We know that the gravitational potential energy is U = -(GMeM)/r, and it is given to be -1.49 x 10 ^11.

We also know the gravitational force to be Fg = (GMeM)/r^2

I am not sure, but can we set the two equations equal to each other and solve for r
Forgive me I have just started here. You might be on the right track but (and my physics is rusty) r would likely include the Earth's radius as r should be measured from the centre of gravity.

Why not F=mg U=mgh U=Fh h=U/F

Sorry what does this (below) mean?
""and the earth-satellite gravitational potential energy (relative to zero at infinite separation)""

i suspect this needs to be understood again as to whether the radius of Earth is included or not.

sirius0 said:
Forgive me I have just started here. You might be on the right track but (and my physics is rusty) r would likely include the Earth's radius as r should be measured from the centre of gravity.

Why not F=mg U=mgh U=Fh h=U/F

Sorry what does this (below) mean?
""and the earth-satellite gravitational potential energy (relative to zero at infinite separation)""

i suspect this needs to be understood again as to whether the radius of Earth is included or not.

Yes, I have tried F=mg U=mgh U=Fh h=U/F and substituting in 1.49×10^11 J/ 15.1 kN. But I've got the wrong answer.
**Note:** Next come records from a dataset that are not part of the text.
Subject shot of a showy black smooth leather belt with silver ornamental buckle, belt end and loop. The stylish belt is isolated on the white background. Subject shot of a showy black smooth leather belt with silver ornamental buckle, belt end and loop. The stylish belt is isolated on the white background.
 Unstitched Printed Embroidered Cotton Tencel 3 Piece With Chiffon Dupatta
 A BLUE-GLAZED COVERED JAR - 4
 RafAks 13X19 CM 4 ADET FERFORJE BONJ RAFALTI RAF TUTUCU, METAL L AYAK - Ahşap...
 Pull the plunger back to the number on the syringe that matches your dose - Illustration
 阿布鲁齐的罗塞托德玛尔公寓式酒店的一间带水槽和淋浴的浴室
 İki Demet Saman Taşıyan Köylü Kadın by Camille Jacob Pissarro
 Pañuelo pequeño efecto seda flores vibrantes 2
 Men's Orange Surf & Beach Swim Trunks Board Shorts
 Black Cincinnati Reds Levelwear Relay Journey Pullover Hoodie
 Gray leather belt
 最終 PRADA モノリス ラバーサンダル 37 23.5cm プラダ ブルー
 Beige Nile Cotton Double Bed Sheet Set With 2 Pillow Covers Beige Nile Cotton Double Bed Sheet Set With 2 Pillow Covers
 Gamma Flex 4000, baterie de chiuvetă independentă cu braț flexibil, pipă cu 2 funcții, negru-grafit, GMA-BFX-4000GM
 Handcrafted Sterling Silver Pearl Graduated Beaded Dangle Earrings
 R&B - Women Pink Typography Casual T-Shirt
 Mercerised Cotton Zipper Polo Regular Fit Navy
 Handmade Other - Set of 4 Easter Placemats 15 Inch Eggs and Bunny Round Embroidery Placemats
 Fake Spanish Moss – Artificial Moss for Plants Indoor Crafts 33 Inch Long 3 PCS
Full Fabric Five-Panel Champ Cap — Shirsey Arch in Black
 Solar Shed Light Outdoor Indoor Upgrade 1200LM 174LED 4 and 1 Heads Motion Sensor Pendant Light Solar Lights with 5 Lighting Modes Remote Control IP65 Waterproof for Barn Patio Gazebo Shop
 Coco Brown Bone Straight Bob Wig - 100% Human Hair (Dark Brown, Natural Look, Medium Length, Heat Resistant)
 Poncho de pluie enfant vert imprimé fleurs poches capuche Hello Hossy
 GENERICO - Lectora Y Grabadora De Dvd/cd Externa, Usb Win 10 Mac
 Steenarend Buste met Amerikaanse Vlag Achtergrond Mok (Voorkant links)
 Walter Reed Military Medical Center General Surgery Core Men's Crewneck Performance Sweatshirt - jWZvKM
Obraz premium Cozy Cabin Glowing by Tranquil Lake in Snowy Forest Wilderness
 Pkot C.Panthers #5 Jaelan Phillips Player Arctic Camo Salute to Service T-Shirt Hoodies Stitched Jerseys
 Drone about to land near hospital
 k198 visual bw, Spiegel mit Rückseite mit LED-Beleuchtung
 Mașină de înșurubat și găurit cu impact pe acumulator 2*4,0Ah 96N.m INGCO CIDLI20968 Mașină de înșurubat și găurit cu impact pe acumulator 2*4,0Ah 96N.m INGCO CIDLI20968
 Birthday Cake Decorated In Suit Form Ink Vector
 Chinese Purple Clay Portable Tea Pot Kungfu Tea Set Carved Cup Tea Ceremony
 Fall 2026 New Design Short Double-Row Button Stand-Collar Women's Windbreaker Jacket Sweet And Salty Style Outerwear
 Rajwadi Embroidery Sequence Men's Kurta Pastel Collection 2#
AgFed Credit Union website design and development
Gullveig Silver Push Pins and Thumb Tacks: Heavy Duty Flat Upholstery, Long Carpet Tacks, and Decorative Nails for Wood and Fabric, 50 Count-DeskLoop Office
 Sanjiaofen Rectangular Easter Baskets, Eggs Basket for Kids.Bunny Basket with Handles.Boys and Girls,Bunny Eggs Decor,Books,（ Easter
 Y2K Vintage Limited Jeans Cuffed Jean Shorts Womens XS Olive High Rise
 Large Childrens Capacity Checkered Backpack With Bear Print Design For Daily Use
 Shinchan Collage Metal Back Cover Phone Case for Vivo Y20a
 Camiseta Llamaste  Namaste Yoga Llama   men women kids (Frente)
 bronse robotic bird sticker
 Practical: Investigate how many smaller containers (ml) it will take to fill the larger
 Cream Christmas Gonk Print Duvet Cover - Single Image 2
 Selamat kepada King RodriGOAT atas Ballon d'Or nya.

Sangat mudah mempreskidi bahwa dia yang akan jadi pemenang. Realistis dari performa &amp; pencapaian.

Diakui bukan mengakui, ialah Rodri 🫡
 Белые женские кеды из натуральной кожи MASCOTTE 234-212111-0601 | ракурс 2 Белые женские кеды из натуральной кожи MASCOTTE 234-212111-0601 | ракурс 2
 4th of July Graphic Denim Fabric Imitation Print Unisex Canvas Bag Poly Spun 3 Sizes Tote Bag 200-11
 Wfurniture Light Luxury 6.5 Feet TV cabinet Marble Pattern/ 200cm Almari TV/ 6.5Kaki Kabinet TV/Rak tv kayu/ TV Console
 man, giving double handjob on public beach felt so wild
Can someone comment more on this

Thank

I think we have to use the radius of the Earth to calculate for the satellite's altitude

So the above equation F = mgU = mgh U=Fh h= U/F is not correct

whitetiger said:
When in orbit, a communication satellite attracts the Earth with a force of 15.1 kN and the earth-satellite gravitational potential energy (relative to zero at infinite separation) is - 1.49×10^11 J. Take the radius of the Earth to be r_e = 6.38×106 m.

Find the satellite's altitude above the Earth's surface.

We know that the gravitational potential energy is U = -(GMeM)/r, and it is given to be -1.49 x 10 ^11.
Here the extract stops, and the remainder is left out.